Título: Fazendeiro terá de produzir mais para se livrar de reforma agrária
Autor: Vannildo Mendes
Fonte: O Estado de São Paulo, 13/04/2005, Nacional, p. A12

Após 30 anos sem mexer no conceito de produtividade da terra, o governo federal vai alterar os índices que medem o rendimento no campo para fins de reforma agrária. A medida, a ser adotada por instrução normativa dos Ministérios da Agricultura e do Desenvolvimento Agrário, vai aumentar o estoque de propriedades passíveis de desapropriação e ampliar a polêmica em torno da questão fundiária brasileira. O objetivo é incorporar o progresso científico e as novas tecnologias ao conceito de produtividade rural. Pela minuta da medida, à qual o Estado teve acesso, a produção de gado em algumas regiões precisará ser mais que o dobro da atual para que uma terra seja considerada produtiva e, portanto, livre de desapropriação. É o caso do árido sertão nordestino, onde o número mínimo de reses subirá de 0,13 por hectare para 0,29 por hectare, variação de 123%. Na lavoura, o índice também terá de ser duas ou três vezes superior ao de hoje.

Na década de 70, o Brasil tinha 90 milhões de habitantes e 60 milhões de cabeças de gado. A produção de grãos era de 55 milhões de toneladas. Hoje, o Brasil tem 180 milhões de habitantes para um rebanho de 195 milhões de reses e a produção de grãos superou a barreira das 119 milhões de toneladas. Mas os índices para aferição da produtividade continuam os mesmos fixados em 1975, quando se trata de desapropriar terras produtivas para fins de reforma agrária.

Ao longo desses 30 anos, conforme a exposição da minuta, novas tecnologias, como o computador e a internet, foram incorporadas à realidade do campo. Tratores sofisticados com GPS também chegaram às lavouras, reforçadas com o desenvolvimento da tecnologia genética. Na pecuária, igualmente, o melhoramento genético, a introdução de manejos mais adequados e a qualidade das pastagens tornaram o rebanho brasileiro um dos mais competitivos do mundo.

DIFÍCEIS

Na contramão desses avanços, os processos de desapropriação tornaram-se cada vez mais difíceis, graças a truques desenvolvidos por proprietários. Das desapropriações obtidas, mesmo com índices defasados, muitas são anuladas pela Justiça. Com novos parâmetros, o Incra pode abrir outro processo desapropriatório contra essas terras já vistoriadas, desta vez com melhor chance de sucesso.

A partir dos novos índices, o governo vai exigir o cumprimento dos dispositivos da Constituição e da Lei 8.629 que tratam da função social da terra para, com isso, tirar do papel a reforma agrária, considerada um fracasso até agora.
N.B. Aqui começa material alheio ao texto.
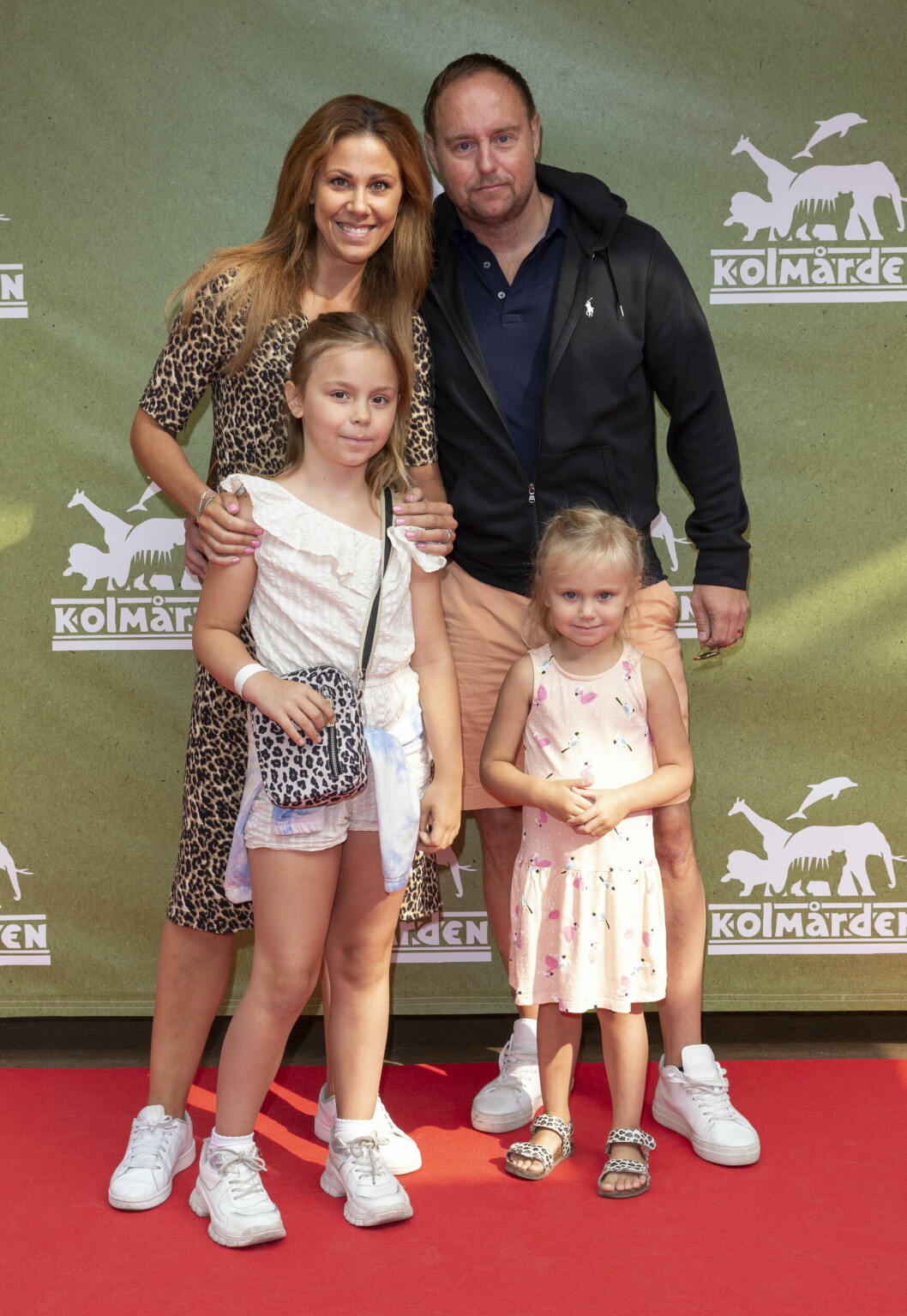 Sofia Geite med maken Johan Edlund och barnen Elsa och Ester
A aferição continuará nos mesmos moldes, a partir de vistorias do Incra para medir o grau de utilização da terra (GUT) e o grau de eficiência na exploração (GEE).

A instrução normativa ajustará os índices de rendimento de 38 produtos vegetais e os índices de lotação (cabeças de reses para a pecuária). Além disso, fixará índices para 37 novos produtos vegetais, 7 deles produtos extrativos florestais. Para contemplar a diversidade do País, o número de zonas de produção passa de cinco para oito.

PERIODICIDADE

A Lei 8.629 considera produtiva a propriedade que, "explorada econômica e racionalmente, atinge simultaneamente graus" de uso da terra e eficiência na exploração, segundo índices fixados pelo órgão competente. O artigo 11 da lei prevê que os parâmetros, índices e indicadores que informam o conceito de produtividade serão ajustados periodicamente, de modo a levar em conta o progresso científico e tecnológico da agricultura e o desenvolvimento regional.

O Brasil tem 4,2 milhões de propriedades rurais, perfazendo 420 milhões de hectares. Só 3,5% têm mais de 500 hectares, mas juntas somam 235 milhões de hectares. O governo não sabe ainda quantas serão alcançadas pelo novo conceito de aferição da produtividade.